#### Work request:
Output the full listing below exactly; the images stay out.

#### Records for the exercise:
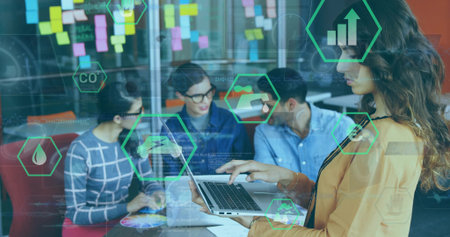 Leading businesswoman wearing mustard blazer holding laptop in office with sticky notes, copy space....
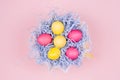 Easter home decor - homemade painted eggs in pastel blue nest on light pink background, top view.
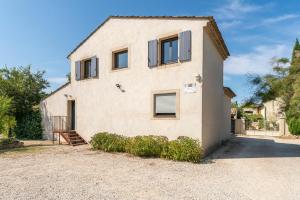 Casa blanca grande con ventanas y entrada en L'ensemble du gîte de Tante Berthe, en Camaret-sur-Aigues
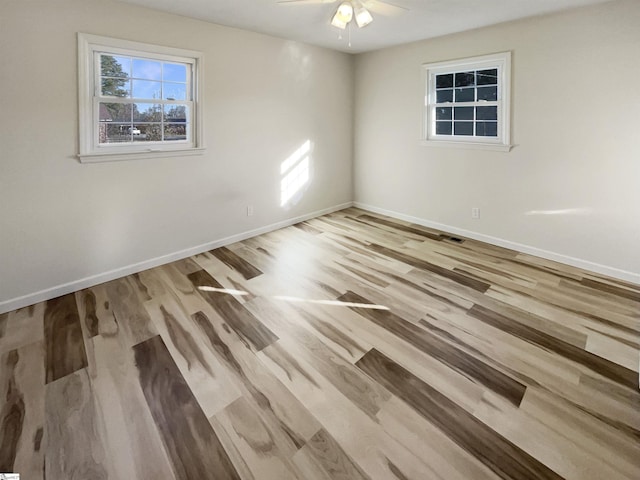 spare room featuring light hardwood / wood-style flooring and ceiling fan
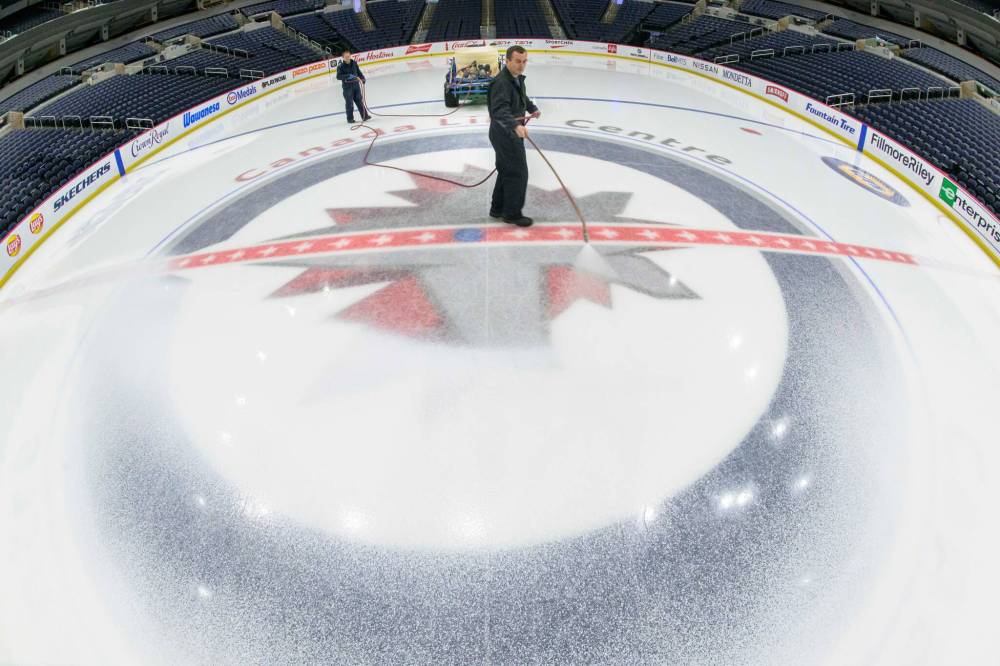 MIKE SUDOMA / FREE PRESS
David Wright (right) paints the ice surface at centre ice white to prepare for Disney on Ice coming up this weekend Nov 11, 2024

#### Exercise solution:
 Leading businesswoman wearing mustard blazer holding laptop in office with sticky notes, copy space....
 Easter home decor - homemade painted eggs in pastel blue nest on light pink background, top view.
 Casa blanca grande con ventanas y entrada en L'ensemble du gîte de Tante Berthe, en Camaret-sur-Aigues
 spare room featuring light hardwood / wood-style flooring and ceiling fan
 MIKE SUDOMA / FREE PRESS
David Wright (right) paints the ice surface at centre ice white to prepare for Disney on Ice coming up this weekend Nov 11, 2024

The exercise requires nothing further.